Солсбэри присутствует в небольшом поэтическом томике некоего Роберта Парри
(1597), еще без титула "сэр", в качестве то ли патрона, то ли соавтора.
Томик под странным названием "Синеты" существует в единственном экземпляре,
и сегодня ожидая исследования в контексте важнейших проблем истории
литературы той эпохи.
Анализируя содержание поэтического сборника Роберта Честера, Гросарт не
нашел в его текстах какой-либо связи с Джоном Солсбэри, к имени которого
авторы сборника обращаются в надежде, что оно поможет защитить книгу от
любопытства и подозрений невежественной толпы. Гросарт определенно
установил, что поэма Честера ни в какой форме не является переводом и что
"итальянский поэт Торквато Челиано" - вымысел. Дату "1601" на титульном
листе Гросарт воспринял без каких-либо сомнений, хотя некоторые основания
для них он не мог не заметить; наоборот, как ему казалось, этот год хорошо
согласовывался с его догадками и предположениями, образовавшими гипотезу,
которую он сам называл "золотым ключом" к постижению смысла загадочной книги
и составляющих ее поэтических произведений. Гросарт решил, что за
аллегорическими именами Феникс и Голубь скрываются сама королева Елизавета I
и ее фаворит граф Эссекс. Создавая эту гипотезу, Гросарт исходил из того,
что поэты и придворные льстецы часто называли свою королеву Фениксом. И не
только при жизни. Даже в шекспировском "Генрихе VIII", написанном через
десятилетие после ее смерти, в последней сцене Кранмер, предсказывая будущее
величие новорожденной Елизаветы, говорит о ней как о чудесном Фениксе:
"Как девственница-феникс, чудо-птица,
Себя сжигая, восстает из пепла
Наследником, прекрасным, как сама, -
Так и она, вспорхнув из мрака к небу,
Свои заслуги передаст другому,
Который из ее святого пепла
Взойдет в сиянье славы, как звезда..."
Кроме того, безмерное преклонение перед героиней Честера, эпитеты
"царственная", "небесная", "величественная" указывали, по мнению Гросарта,
на ее не просто высокое, но исключительное, то есть королевское, положение.
Зная ревнивый характер королевы, никто бы не осмелился при ее жизни публично
обращаться с такими восхвалениями к какой-то другой женщине в Англии, считал
Гросарт (заметим это "при жизни").
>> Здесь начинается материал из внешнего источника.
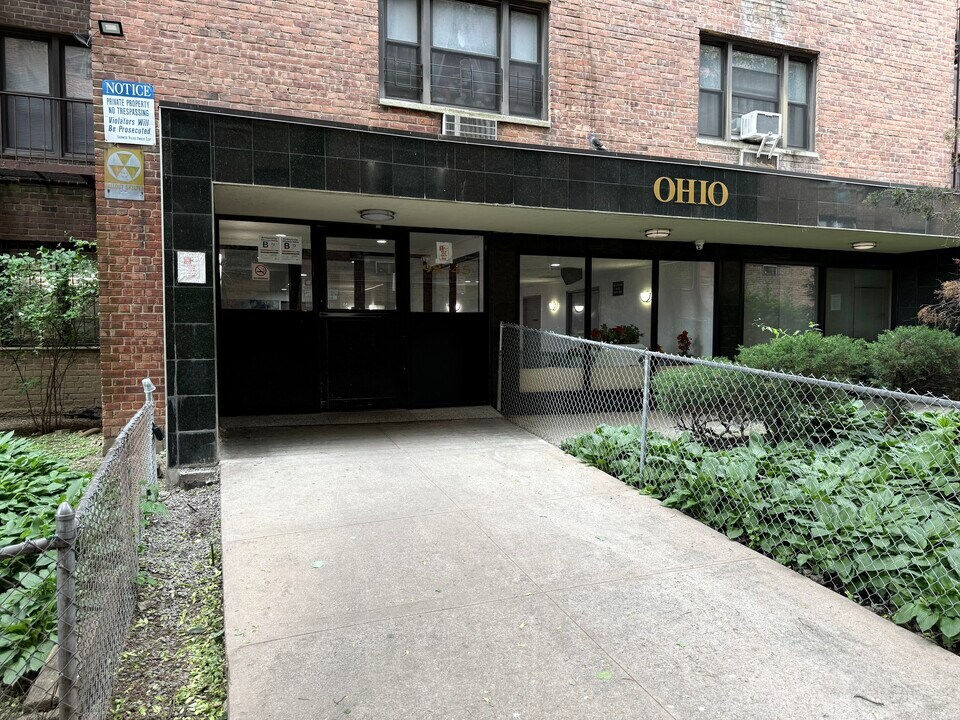 9845 57th Ave, Unit #2C in Corona, NY - Building Photo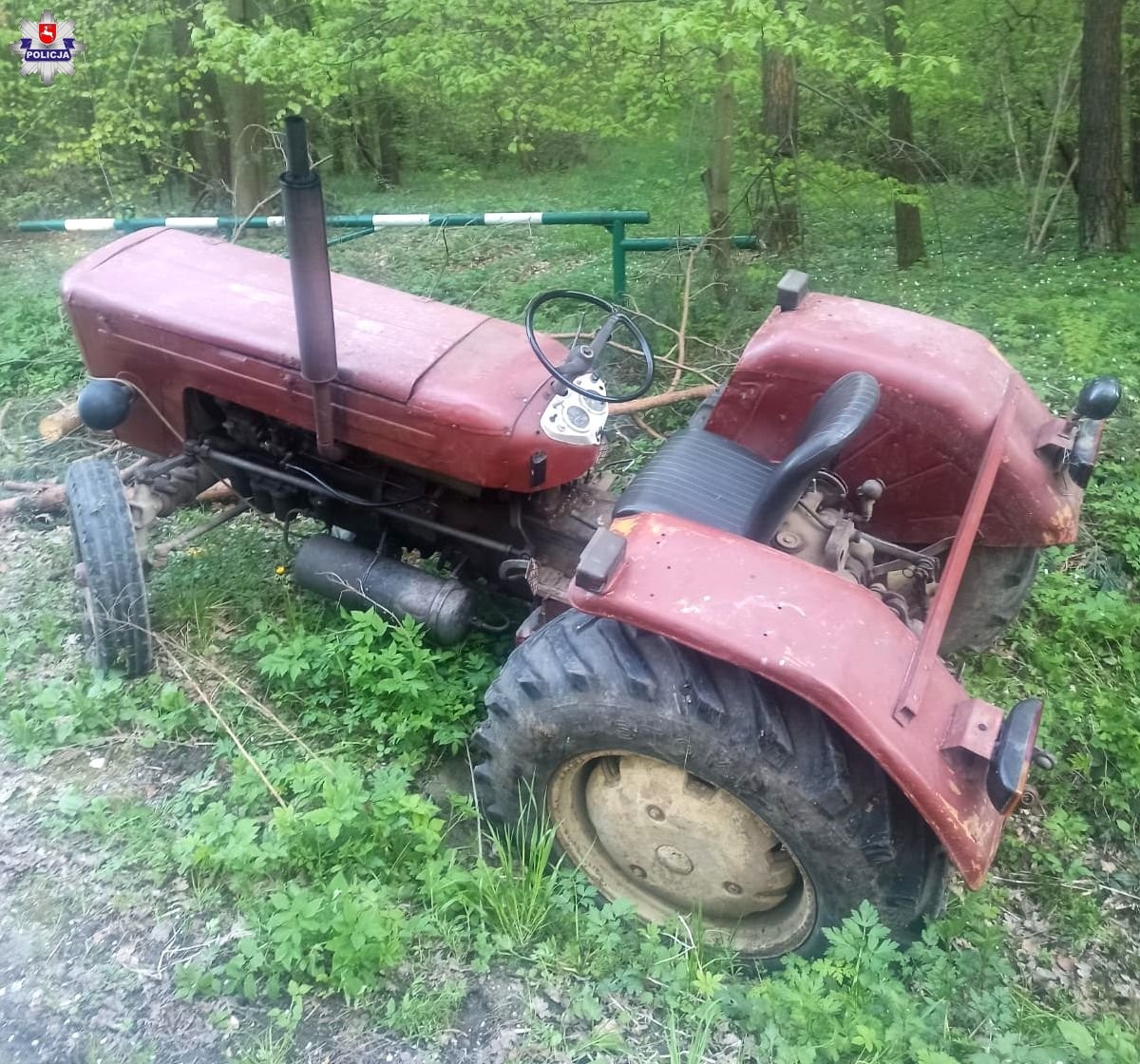 Ciągnik, pod którego koła wpadł pijany 29-latek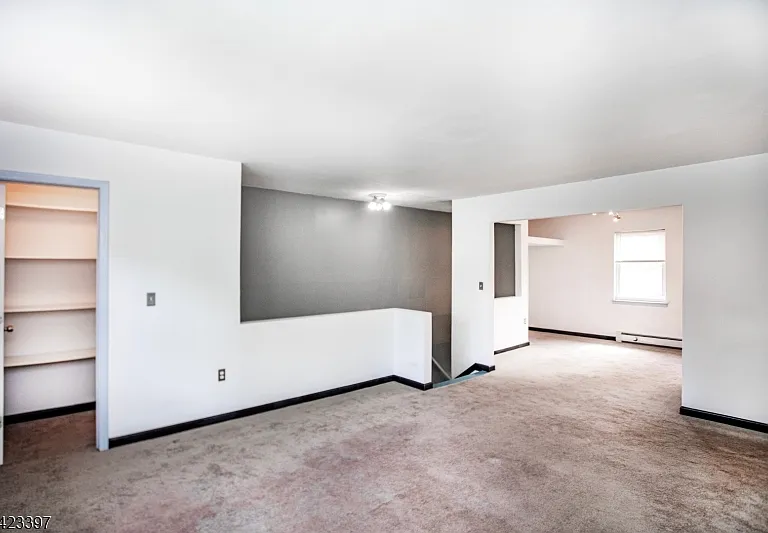 1130 Valley Rd #2B — Photo 6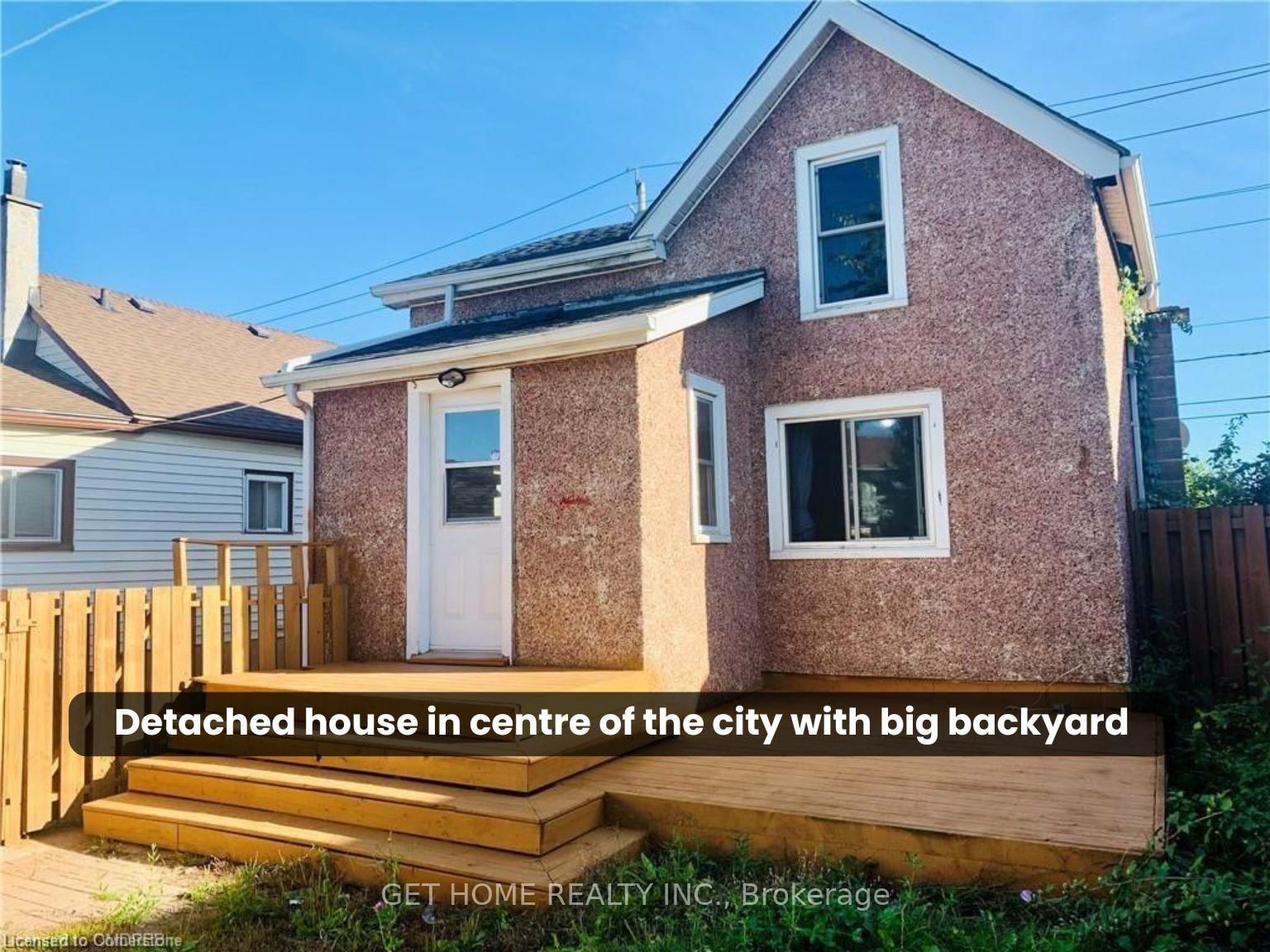 Detached House for sale at 100 Lincoln Street, Welland, Broadway, L3C 5J7 - MLS: X12132228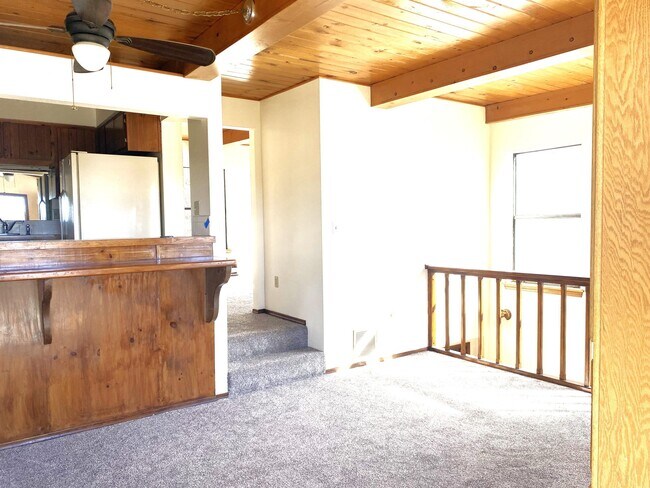Building Photo - 88 Crestview Ln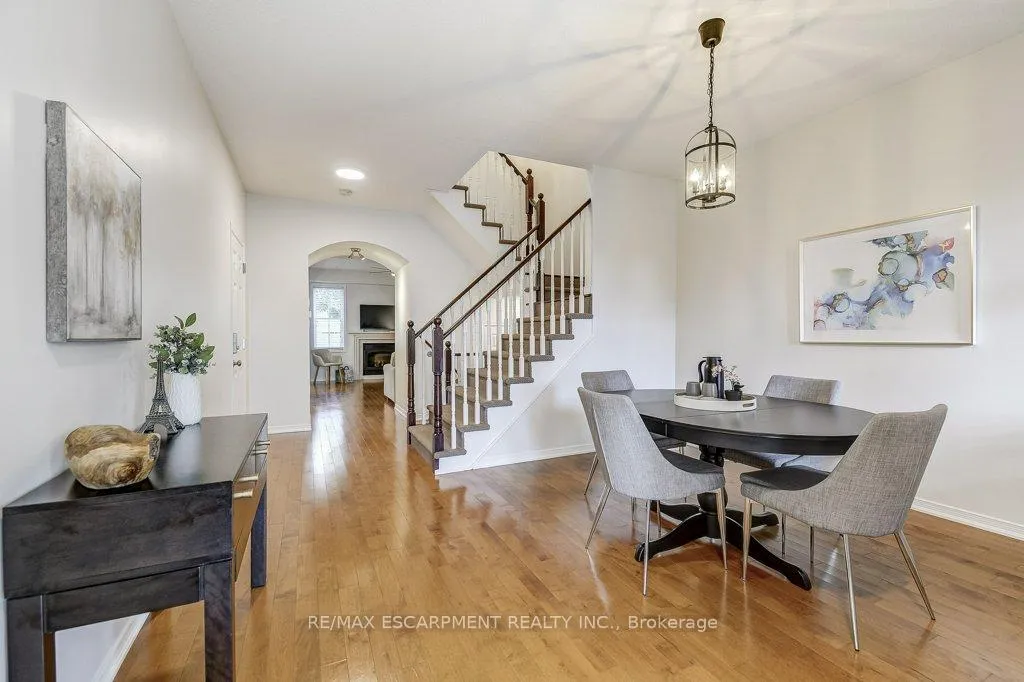 Photo 5 of 45 Cathedral Street, Hamilton, Waterdown — HOMEH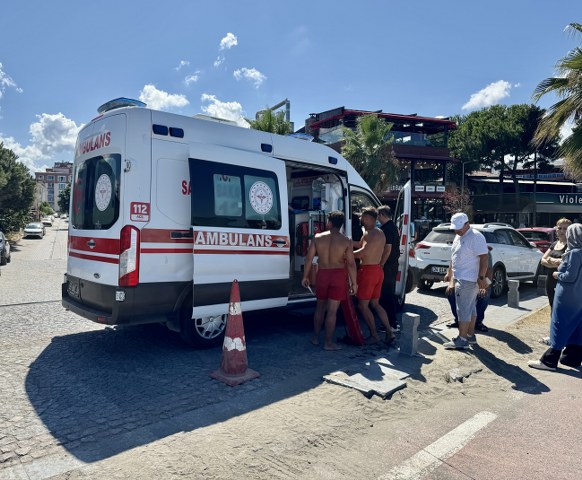 Samsun'da denizde korku dolu anlar! Anne ve oğul boğulma tehlikesi geçirdi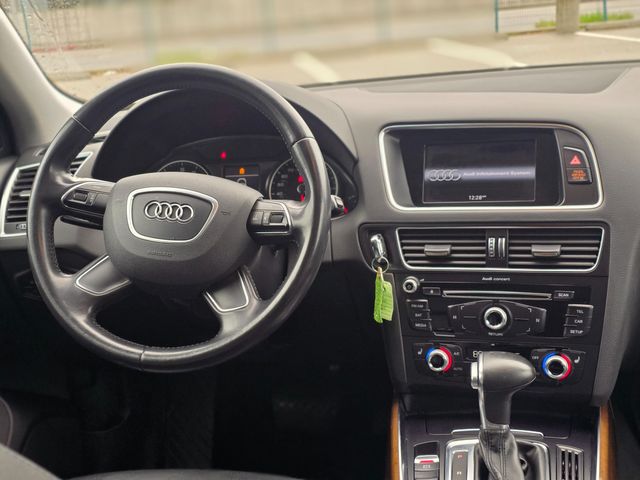 2017 Audi Q5 2.0T quattro Premium 2017 Audi Q5 2.0T quattro Premium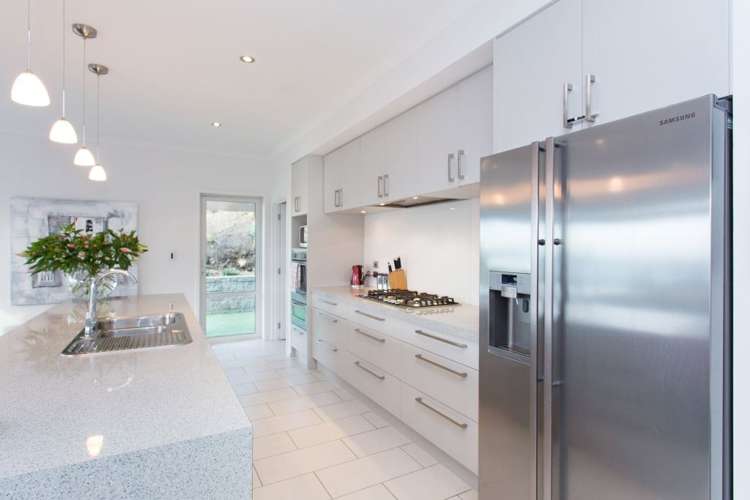 4 Saint Remy Lane Redcliffs_5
Идентифицировав Феникс с королевой
Елизаветой, ученый стал искать подходящую кандидатуру для Голубя. А кто же
мог им быть, как не блистательный и злополучный Роберт Девере, 2-й граф
Эссекс (1566-1601), которого многие историки считали и продолжают считать не
только фаворитом, но и любовником престарелой монархини? К тому же
безжалостная казнь графа Эссекса после его нелепого, чуть ли не театрального
бунта была наиболее трагическим событием в том самом 1601 году, который
указан на титульном листе честеровского сборника. Эссекса при жизни
воспевали многие поэты, явную симпатию к нему выразил в "Генрихе V" и Уильям
Шекспир.
Такое решение загадки сборника казалось Гросарту единственно возможным,
и он без колебаний пускал в ход свой "золотой ключ" для объяснения любых
текстов из "Жертвы Любви", не останавливаясь перед явными натяжками. И таких
оказалось немало.
Не говоря уже о бездоказательных утверждениях и натяжках, гипотеза во
многом прямо противоречила содержанию сборника. Действительно, честеровская
Феникс предстает перед Голубем послушной ученицей, которой он передает свои
знания мира и людей, - так не могли рисовать отношения старой королевы с ее
молодым подданным даже под аллегорическими именами. Да и Госпожа Природа
обращается с Феникс с фамильярностью и непочтительностью, недопустимыми для
тогдашнего автора, если бы он действительно имел в виду королеву. Например:
"Фу, капризная птица, что ты сходишь с ума, что ты запутываешь себя глупыми
огорчениями?" Описывая Феникс, поэты говорят о ее свежей, распустившейся
красоте - по отношению к старой (пусть даже молодящейся и падкой на лесть)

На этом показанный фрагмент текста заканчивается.